## WORK REQUEST
The whole listing, please: repeat it exactly, with the pictures left out.

## DATA SHOWN
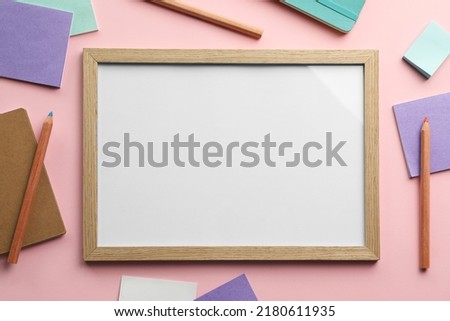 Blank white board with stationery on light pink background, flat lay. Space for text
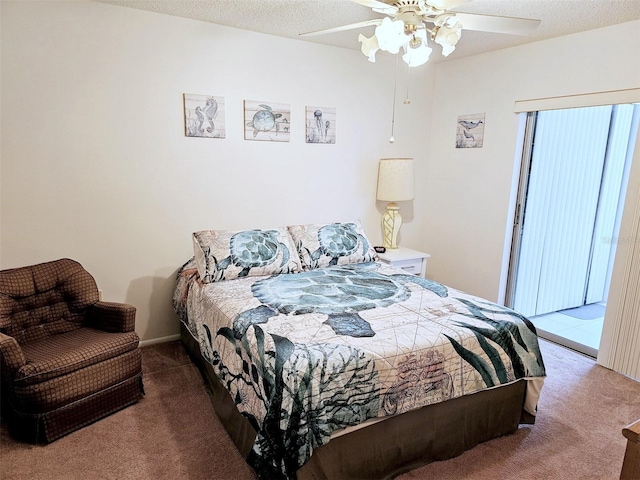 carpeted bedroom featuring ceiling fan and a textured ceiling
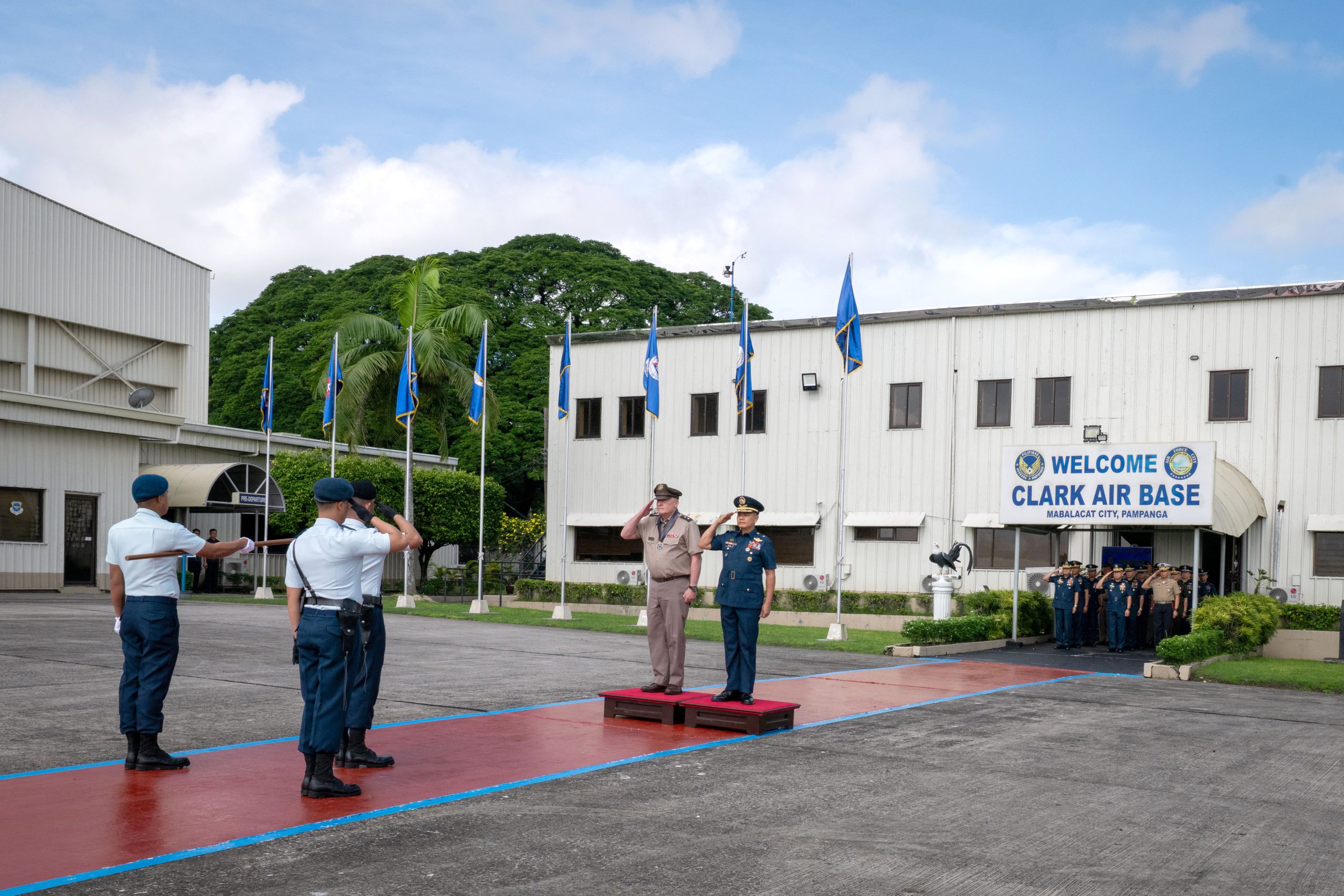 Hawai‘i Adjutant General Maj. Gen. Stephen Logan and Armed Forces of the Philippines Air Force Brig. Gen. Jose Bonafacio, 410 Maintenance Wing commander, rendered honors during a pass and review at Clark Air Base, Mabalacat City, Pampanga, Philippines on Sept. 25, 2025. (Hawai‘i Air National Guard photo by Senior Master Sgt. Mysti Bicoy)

## WRITTEN ANSWER
 Blank white board with stationery on light pink background, flat lay. Space for text
 carpeted bedroom featuring ceiling fan and a textured ceiling
 Hawai‘i Adjutant General Maj. Gen. Stephen Logan and Armed Forces of the Philippines Air Force Brig. Gen. Jose Bonafacio, 410 Maintenance Wing commander, rendered honors during a pass and review at Clark Air Base, Mabalacat City, Pampanga, Philippines on Sept. 25, 2025. (Hawai‘i Air National Guard photo by Senior Master Sgt. Mysti Bicoy)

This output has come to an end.